**ASSIGNMENT**.
Print nothing except the lines of the listing below from the line with "Chanel Black Lambskin" to the line with "In another article, Ramseyer", each exactly as written, both ends included.

**ENTRIES PROVIDED**.
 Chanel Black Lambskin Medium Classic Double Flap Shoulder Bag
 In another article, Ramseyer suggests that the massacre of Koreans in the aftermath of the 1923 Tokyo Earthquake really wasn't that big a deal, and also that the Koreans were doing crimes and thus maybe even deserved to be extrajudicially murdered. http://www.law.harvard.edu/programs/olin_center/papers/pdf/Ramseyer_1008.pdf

--

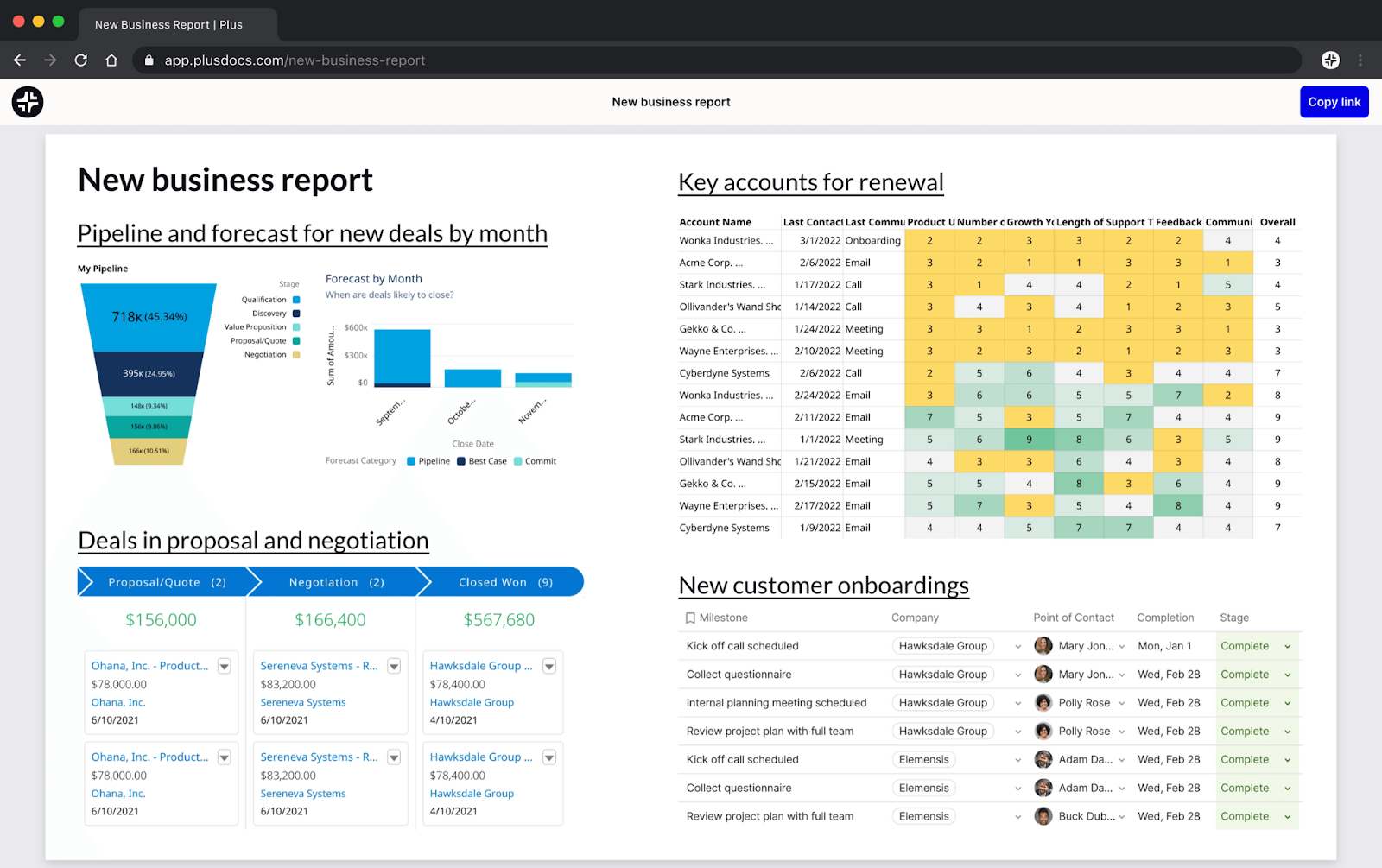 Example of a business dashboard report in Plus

**ANSWER TO THE PROBLEM**.
 Chanel Black Lambskin Medium Classic Double Flap Shoulder Bag
 In another article, Ramseyer suggests that the massacre of Koreans in the aftermath of the 1923 Tokyo Earthquake really wasn't that big a deal, and also that the Koreans were doing crimes and thus maybe even deserved to be extrajudicially murdered. http://www.law.harvard.edu/programs/olin_center/papers/pdf/Ramseyer_1008.pdf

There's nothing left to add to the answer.